Xuelan Liu scite author profile

Background Emerged mutations can be attributed to increased transmissibility of the B.1.617 and B.1.36 Indian delta variants of SARS‐CoV‐2, most notably substitutions L452R/E484Q and N440K, respectively, which occur in the receptor‐binding domain (RBD) of the Spike (S) fusion glycoprotein. Objective We aimed to assess the effects of mutations L452R/E484Q and N440K (as well as the previously studied mutation E484K present in variants B.1.351 and P.1) on the affinity of RBD for ACE2, SARS‐CoV‐2 main receptor. We also aimed to assess the ability of antibodies induced by natural infection or by immunization with BNT162b2 mRNA vaccine to recognize the mutated versions of the RBD, as well as blocking the interaction RBD‐ACE2, an important surrogate readout for virus neutralization.
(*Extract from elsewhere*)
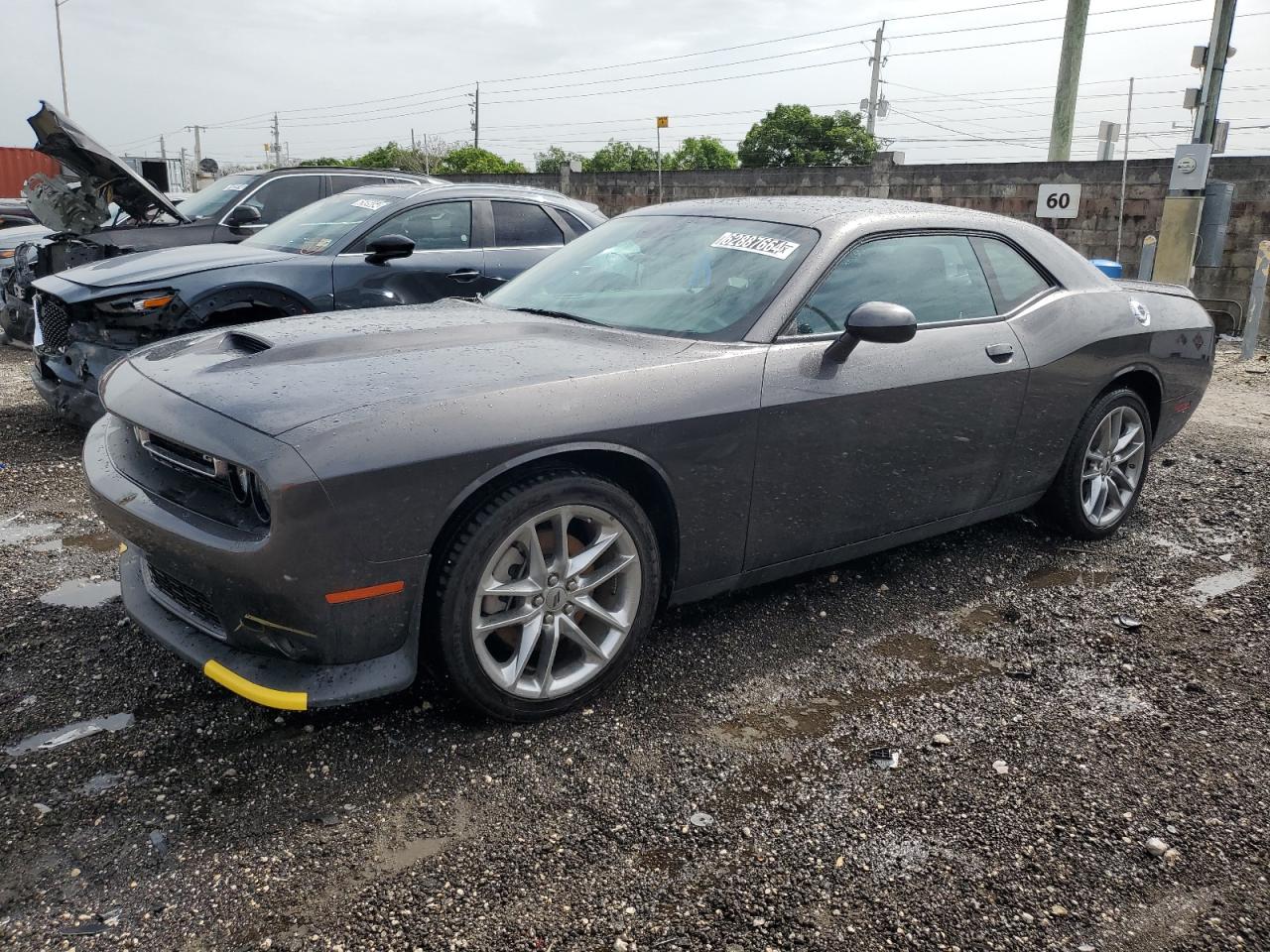 DODGE CHALLENGER 2023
Methods To this end, we produced recombinant wild‐type RBD, as well as RBD containing each of the mutations L452R/E484Q, N440K, or E484K (the latest present in variants of concern B.1.351 and P.1), as well as the ectodomain of ACE2. Using Biolayer Interferometry (BLI), we measured the binding affinity of RBD for ACE2 and the ability of sera from COVID‐19 convalescent donors or subjects immunized with BNT162b2 mRNA vaccine to block this interaction. Finally, we correlated these results with total anti‐RBD IgG titers measured from the same sera by direct ELISA. Results The binding assays showed L452R/E484Q double‐mutant RBD to interact with ACE2 with higher affinity (K D = 4.6 nM) than wild‐type (K D = 21.3 nM) or single mutants N440K (K D = 9.9 nM) and E484K (K D = 19.7 nM) RBDs. Meanwhile, the anti‐RBD IgG titration resulted in lower recognition of mutants E484K and L452R/E484Q by infection‐induced antibodies, whereas only mutant E484K was recognized less by antibodies induced by vaccination. More interestingly, sera from convalescent as well as immunized subjects showed reduced ability to block the interaction between ACE2 and RBD mutants E484K and L452R/E484Q, as shown by the inhibition assays. Conclusion Our data suggest that the newly emerged SARS‐CoV‐2 variant B.1.617, as well as the better‐studied variants B.1.351 and P.1 (all containing a mutation at position E484) display increased transmissibility both due to their higher affinity for the cell receptor ACE2 and their ability to partially bypass immunity generated against the wild‐type virus. For variant B.1.36 (with a point mutation at position N440), only increased affinity seems to play a role.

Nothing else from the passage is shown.